CÉU DE BRIGADEIRO? (FOTO: ARQUIVO GOOGLE) |
PARA MICHEL TEMER, GOVERNO MERECE
CONGRATULAÇÕES PELO MUITO QUE JÁ FEZ
Alçado ao Planalto nas pegadas de manifestações épicas
contra a corrupção, Temer comete o erro primário
de imaginar que pode governar de costas para a ética
POR JOSIAS DE SOUZA
UOL – 20/12/2016 | 04:21
Michel Temer está chateado. Acha que seu governo não vem obtendo o
reconhecimento que merece. Um auxiliar do presidente conta que ele se considera
injustiçado pelo pedaço da imprensa que o imprensa. Herdou de Dilma o caos,
gosta de realçar. Poderia resignar-se. Mas prefere encarar a conjuntura com
coragem, não cansa de repetir. Enumera os feitos obtidos em escassos sete
meses: a PEC do teto dos gastos, a troca do modelo de exploração do pré-sal, a
deflagração da reforma do ensino médio, o encaminhamento da proposta de ajustes
na Previdência. Temer está satisfeito consigo mesmo. Lamenta que os resultados
não aparecem do dia para a noite. Mas avalia que todos têm o dever de
reconhecer que as coisas melhoraram.
Num instante em que perde a pouquíssima popularidade de que
dispunha, Temer cogita enfrentar as panelas no horário nobre da tevê, para
demonstrar à plateia que seu governo é entusiasmante. Muitos brasileiros,
depois de ouvir o pronunciamento do presidente talvez resolvam viver no país
que ele descreve com tanta convicção, seja ele onde for. No país de Temer, pelo
menos, o presidente não é alvejado por denúncias, seus auxiliares não são
suspeitos de corrupção, seus líderes no Congresso não respondem a inquéritos,
sua base legislativa não está apodrecida, seu partido não cheira mal, não
existe Odebrecht, as ruas não roncam e 2017 será próspero.
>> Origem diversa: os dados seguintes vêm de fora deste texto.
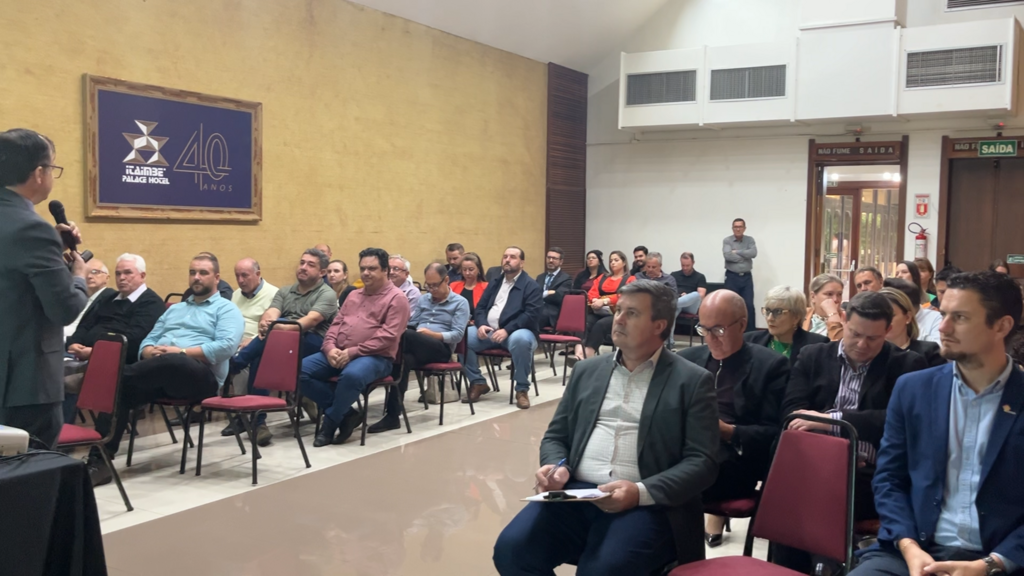 Situação dos municípios devido às chuvas pauta assembleia da AM Centro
Temer faz como o avestruz: para não tomar conhecimento do pedaço
cinza da realidade, enfia a cabeça nos seus autocritérios. O brasileiro vive um
daqueles momentos em que entender o que se passa depende da predisposição de
cada um. Ou o país continua na rota do caos ou tomou a trilha da redenção, você
decide. Temer é otimista por obrigação. Sua claque é otimista por hipnose. Seus
aliados são otimistas por intere$$e. Os 13% que avaliam seu governo como ótimo
ou bom são otimistas na esperança de que as medidas do governo sejam boas, pois
não há outras. E os 63% que pedem a renúncia de Temer antes do Natal desconfiam
que quem é otimista trocou a razão pela comodidade de uma confiança cega.
Alçado ao Planalto nas pegadas de manifestações épicas contra a
corrupção, Temer comete o erro primário de imaginar que pode governar de costas
para a ética. Ao enaltecer suas realizações sem atentar para o lodo lhe toca o
bico do sapato, o presidente está, no fundo, pedindo aos brasileiros que façam
como ele: se finjam de bobos pelo bem do Brasil. Temer sabe que a delação coletiva
da Odebrechet, trancada na sala-cofre do Supremo Tribunal Federal, transforma
sua administração numa superestrutura pendurada no ar. Mas não convém
comprometer a salvação do país por algo tão politicamente supérfluo como a
moralidade. Enquanto der, o melhor é fingir que nada aconteceu. Fica combinado
que os 800 depoimentos dos 77 delatores da Odebrecht não existem.